25 January – Powell Hut (1200m) to Mt Holdsworth trig (1470m)
I did not have the best night’s sleep and by 5:45am we were both wide awake. Gerry got up to boil some water for tea (the hut has gas cookers, and even electric lights on timers), and while we were in the kitchen-dining room area, a few others also joined to appreciate the dawn. The wind was still fairly strong (35-40km/h according to MetService), and after breakfast we started walking the uphill to the trig. The wind was tucking at my pack, and every now and again I was blown off my feet. I decided to walk next to the path on the narrowest of ridges.
It is about 1.8km to the trig, but we decided to leave by 7am to ensure we could still pitch the fly of a small tent to serve as a shelter, and rig up the camp stove to make coffee, tea and cup-a-soup throughout the morning. With the wind being so strong I had to built a small little shelter with rocks and stone around the stove to prevent the billy from flying off of the mountain. In fact, to get the coffee powder in the cups proved challenging, not to mention getting the water into the cups. Once, while trying to take a sip, the wind blew the coffee right out of the cup and into my face. With a nice mixture of coffee, citronella oil, sunblock and wind blown tears on my cheeks, I was ready to cheer on the runners (and take a few photos while we’re at it). Quite a sight for (or in this case with) sore eyes (as the constant wind in my eyes turned into one of the worst hay fever, sinusitis-attacks I’ve had in quite a long while).

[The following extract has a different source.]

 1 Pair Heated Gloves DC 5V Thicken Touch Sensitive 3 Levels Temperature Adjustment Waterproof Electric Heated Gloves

Apart from the wind, the sun was out, it was fairly warm and we had magnificent views across the mountain in all directions. We could spot the runners coming from miles away. The race can be done in either direction and Mt Holdsworth (where we were positioned) is at about 10.4km when going clockwise, as apposed to about 14km going anti-clockwise. The shorter distance meant we had most of the quick runners coming from the Powell Hut side first. Forty-six in total going clockwise, while the other about 150 went anti-clockwise. A constant trickle of runners kept things sociable at the top and even a few trampers were out and about. With the sun out in full force and it being quite hot, a few runners were out of water by the time they reached us. Some were taking off their hydration packs already as they were approaching us, thinking there might be a drink station. We could unfortunately only help a couple of participants with a bit of water.

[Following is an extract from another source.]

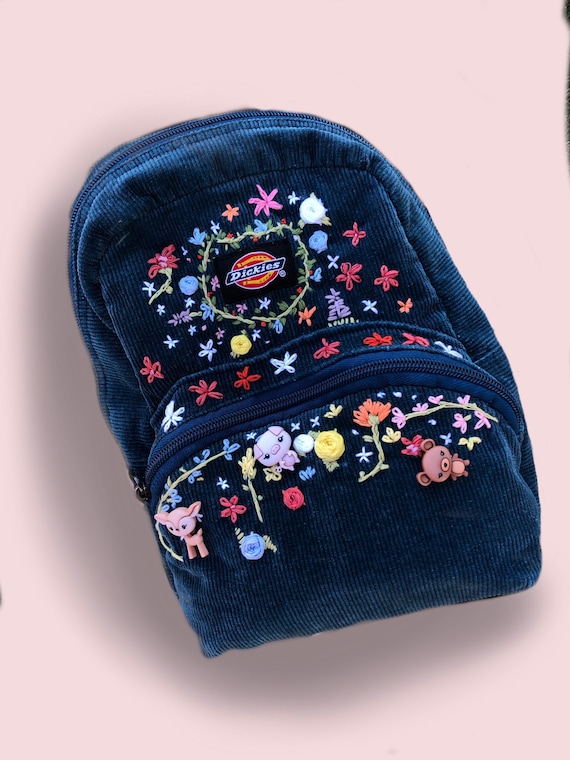 Embroidered mini backpack sale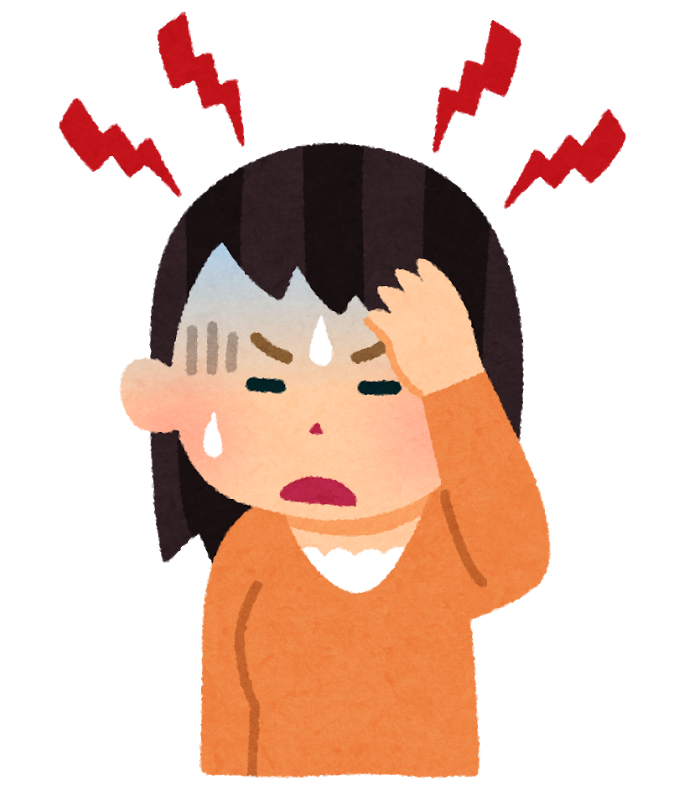 頭痛ぼ画像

By 12:00 the tail-end Charlie came past informing us of two ladies that did not make the cut-off at Jumbo and were officially not in the race anymore, but decided to continue regardless. We could see them approaching on the ridge and decided to hang around as we had to pack up anyway. They reached us by 12:35, and we were on our way shortly before 1pm.
Back at the hut we collected our sleeping bags and some other things we left behind before starting our descent on the very steep section near the hut. Luckily the stairs make it more passable and less of a scramble, but it is still a good quad-buster. Gentle Annie Track, even though rather gradual, is still (to me) just on the wrong side of “comfortable”, easy walking, especially on busted quads. We reached the carpark by 4:30pm on one of the warmest days this summer. We stripped off our soaking wet clothes for dry clean ones, and back in Masterton bought a bunch of cold eats and drinks (ice cream, coffee milk, juice and cherries).
Even though we are not near running anything at the moment, I would love to come back to this race. It is mountain running at its best; steep ascends and descends, narrow ridges, rocky sections, tree roots, some scrambling and generally speaking a tough 24km. One easily gets tricked by the fact that it looks like a short achievable distance, kilometres wise, but the terrain turns this into much more than just a trail or off-road run. Mountain running is, and will always be, another kettle of fish entirely.
Stoked to get a photo credit in the local newspaper! Thanks Andrew.